Finding Large Files On a Linux/UNIX

Posted by JD 08/29/2011 at 05:00

If you are like me, you are always running low on disk storage. After all, a hard drive that isn’t nearly full isn’t living up to the full potential. About every month, I need the find the largest files and clean them up – taking me back to 75% full on the “temporary storage” HDD.

Here’s a little script to make finding the largest files on your system easy. I call it hogs.sh.

$ find /home -type f -size +2G -exec ls -lh {} \; | cut -d" " -f5,8 | sort -t" " | tee ~/hogs.txt

May I suggest:

  • Drop these commands into a bash/sh file
  • Call this from the root crontab weekly, perhaps 3am Mondays
  • Redirect the output into a file for later viewing as needed
  • Overwrite the file with every run

The script isn’t perfect. The sorting fails but does group files nicely. It also takes awhile to complete, so running it at 3am is nice.

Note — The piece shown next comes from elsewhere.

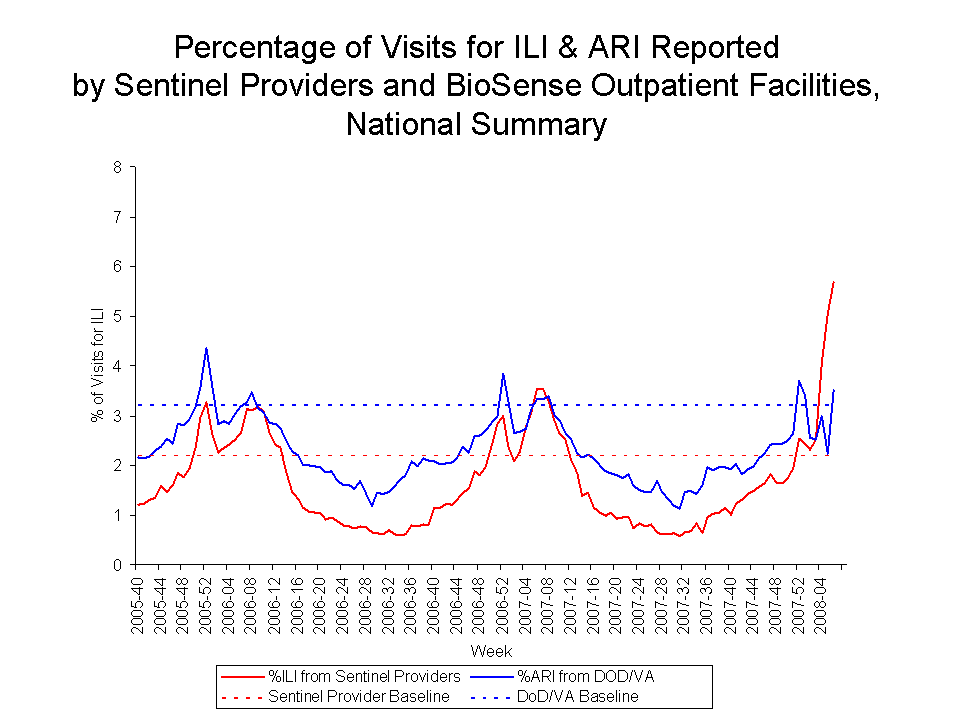 Percentage of Visits for ILI & ARI Reported by Sentinel Providers and BioSense Outpatient Facilities National Summary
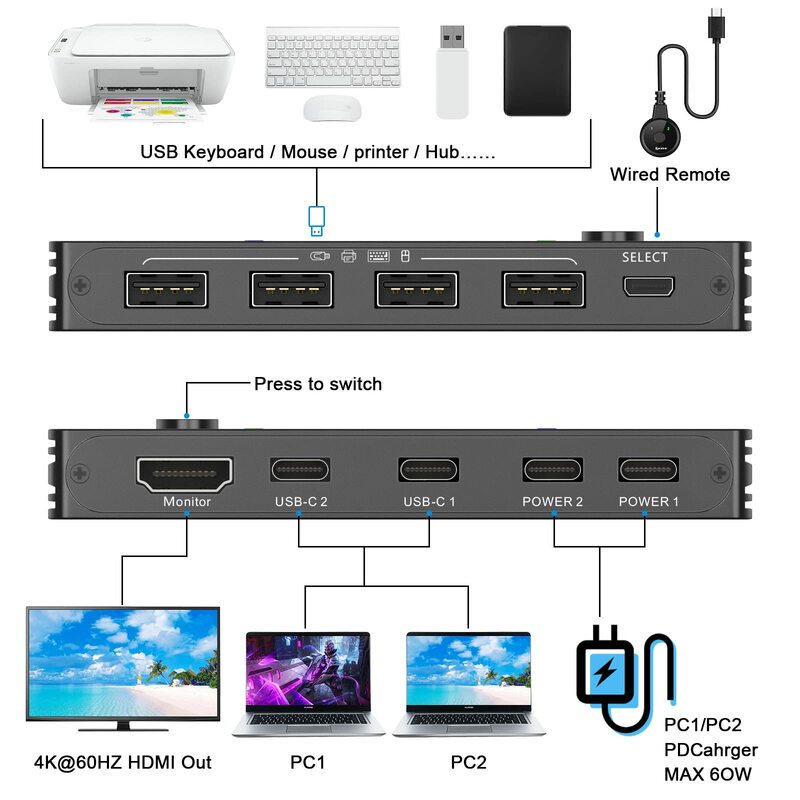 Suporte a switch KVM tipo C, 2 em 1 saída, 4K, 60Hz, USB, carregamento PD para 2 computadores, compartilhamento de 1 monitor e 4 dispositivos USB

Tweak the directory and files-larger-than parameters for your location.

In running this today, I’ve found a few VDI and VDMK files that I’d forgotten about.


3.1G /Data/VirtualBox/win7-x64-pro.iso
5.3G /Data/VirtualBox/Machines/Natty/Natty-new.vdi.gz
6.2G /Data/VirtualBox/Machines/Lubuntu.vdi
8.1G /Data/VirtualBox/Machines/Gnome3/Gnome3.vdi

That’s a little space that I can recover.

This script doesn’t find any directories with thousands of tiny files that use 10G of storage, that is a flaw. Perhaps we can create a du-cut-sort piped solution for that as well. Combining that with the old tree shell script would make some nice output.

Finding larger directories, in the GB sized range …

$ du -h /Data | grep “^[0-9]*.[0-9]G”

No sorting by size, but having the related directories together is very handy.